For one thing, the shot clock has been reduced from 35 seconds to 30. Why not reduce it all the way to 24 like the NBA? Who knows, but it’s at least closer to what the NBA uses.
How will this impact the game? Scoring was down last year and the NCAA is simply trying to up the pace a bit. Obviously, quicker shots mean more possessions and a faster pace of play. Teams that are deliberately slow like Wisconsin and Virginia will have to speed things up a bit on offense, but they still know how to play good defense.
The second area is how the physical part of the game will now be refereed. Namely in the post, basketball has turned into more of a strength match than anything else—a way it wasn’t meant to be played. (By the way, we can all thank Pat Riley’s Knicks teams of the 1990s that successfully took physical defense to a new level for this. Without it, offenses would still be free-flowing like they were originally intended.)
This is supposed to be outlawed this year but it will be a tough initiative for the referees to undertake. Why? It was stressed a couple of years ago, and the result was a lot of fouls at the beginning of the season—no one really adjusted their play—and by the time January rolled around, the new rules were soon forgotten.
Now that that’s out of the way, here are the five best bets to win it all:
The Jayhawks return a lot of talent from a team that won their 11th straight Big 12 title and were awarded a No. 2 seed in the NCAA Tournament. Senior forward Perry Ellis and junior point guard Frank Mason should carry this team pretty far. Another great freshmen class—highlighted by five-star power forward Check Diallo—should complement the upper-class core of players.
The defending champions lost three one-and-done freshmen off last year’s team—Jahlil Okafor, Justise Winslow, and Tyus Jones—but have reloaded with ESPN’s top-ranked class that includes three five-star recuits. Oh, and they still have coach Kryzyzewski and his five national titles leading them.
The Terrapins became instant contenders for the 2016 title when sensational freshman guard Melo Trimble decided to return for his sophomore season. Fresh off a 28–7 season—Mark Turgeon’s fourth as coach—the Terps should be favored to win the Big Ten and advance to their first Final Four since winning the 2002 title.
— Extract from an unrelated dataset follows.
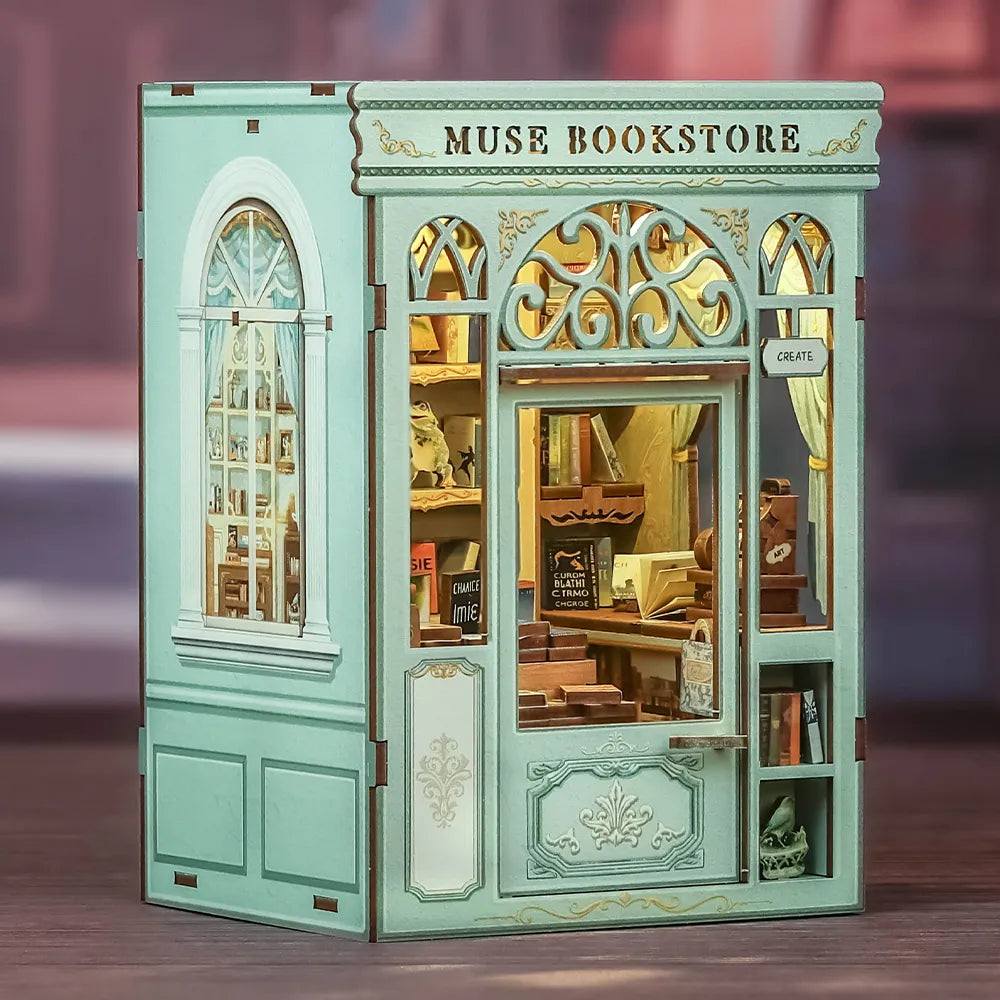 Seitliche Ansicht des Book Nook - Muse Bookstore mit gut sichtbaren Elementen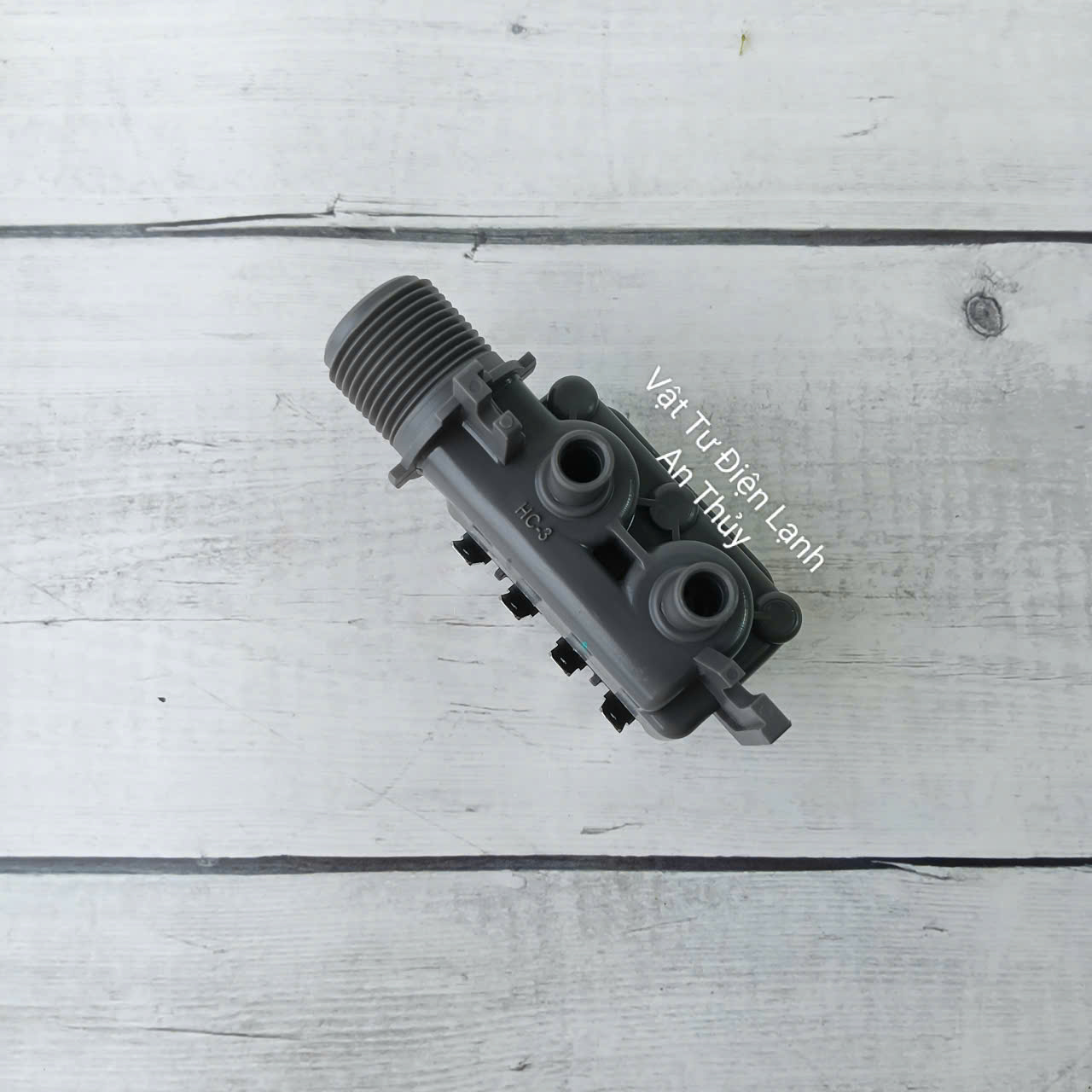 Van cấp nước máy giặt Sanyo 2 cổng 220V thẳng Van cấp nước máy giặt Sanyo 2 cổng 220V thẳng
It’s almost a given that Kentucky—even after losing four lottery picks, both Harrison twins, and center Dakari Johnson—will reload and be contenders yet again under John Calipari. In Calipari’s six years with the Wildcats, they’ve advanced to the Final Four four times, while posting a pair of 38-win seasons, and winning the recruiting war nearly every year. This year’s class is ranked second with five-star center Skal Labissière the main get.
1. North Carolina
While the NCAA’s investigation into North Carolina’s athletic department resulted in a recruiting disadvantage for Roy Williams’s squad, they still return 9 of their top 10 players (save for J.P. Tokoto) from last year’s Sweet-Sixteen team that lost to eventual runner-up Wisconsin. Williams has won a pair of titles with the Tar Heels—with upperclassmen-led teams like this one—and as soon as senior point guard Marcus Paige’s broken hand heals, they’ll be ready to make it a third.